Но вернемся к терминам «московские» или «руские люди». Первый обозначал или жителей Москвы, или жителей всего Московского государства. Понятие «руские люди» обычно охватывало все население Московии вместе с жителями земель, утраченных после 1600 года. Например, в официальных московских документах и исторических нарративах украинцы и белорусы (подобно литвинам) фигурировали как «иноземцы», в то время как прилагательное «руские» последовательно использовали для обозначения жителей территорий, которые отошли к Речи Посполитой, а именно Смоленщины и Черниговщины[42]. Однако в рассказах о Смутном времени московские писатели проводили четкую границу между подданными Речи Посполитой и Московии. Допустим, Авраамий Палицын, описывая осаду Троице-Сергиевой лавры, различал «польских и литовских людей», с одной стороны, и «руских изменников», с другой[43]. Несмотря на то что в составе войска Речи Посполитой и войск претендентов на престол было достаточно много русинов (в частности запорожских казаков), московские авторы никогда не называли их «рускими людьми» или «православными христианами», вместо того звали поляками, литвинами или польскими и литовскими людьми. Именно поэтому «Карамзинский хронограф» вспоминает о «чужеземце-литвине Иване Сторовском»[44]. Запоржцы были единственной группой, которую московские писатели выделяли из общей категории «польских и литовских людей», но не на этнонациональной, а на социальной основе[45]. В обращениях к московскому населению (даже в случае Смоленска, который Великое княжество уступило Московии только в начале XVI века) также придерживались различий между «рускими» подданными московских царей и русинами, входившими в состав вторгшейся армии.

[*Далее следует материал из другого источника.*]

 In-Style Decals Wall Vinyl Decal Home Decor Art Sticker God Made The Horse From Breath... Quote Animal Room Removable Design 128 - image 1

Скажем, в грамоте в Смоленск, написанной в апреле 1608 года, Лжедмитрий IІ выделял жителей Смоленска, которых называл «нашими прирожденными людьми», от «наших ратных литовских людей и казаков»[46].
«Осада Троице-Сергиевой лавры». В. Верещагин. 1891 г.
Религиозный критерий, который проводили московские авторы, усиливал разграничение между подданными Московии и подданными польско-литовской Речи Посполитой. Как уже было отмечено, для описания своего народа писатели чаще всего использовали религиозно окрашенные самообозначения, вроде терминов «православный» или «христианин». Поэтому неудивительно, что после 1610 года именно религиозный, а не политический (государственный или национальный) дискурс стал ведущим орудием мобилизации московского населения на борьбу против присутствия чужеземцев на территории Московии. Как мы отметили, стимулом к началу сопротивления был протест патриарха Гермогена против намерений Зигмунта III помешать избранию Владислава новым московским царем и самому взойти на престол. Некоторые исследователи этого периода указывали, что присутствие католиков и протестантов в окружении Лжедмитрия I и несоблюдение с его стороны православной набожности вызвали недовольство новым царем, подрывали его легитимность в глазах московитов и окончательно легитимировали восстание, которое в конечном итоге привело его к смерти[47]. Эти же факторы сыграли еще большую роль в отклонении претензий Зигмунта на престол. Если условием вступления на престол Владислава было принятие православия, то Зигмунт не имел намерений отрекаться от католической веры. Перспектива присяги католическому правителю вызывала протест в Москве, который озвучил сам патриарх. Этот протест задал тон пропагандистским мероприятиям, которые переопределили политический, социальный и международный конфликт как конфронтацию между истинной верой и ересью, отметили московскую политическую независимость, самоуверенность, ксенофобию и ненависть к захватчикам.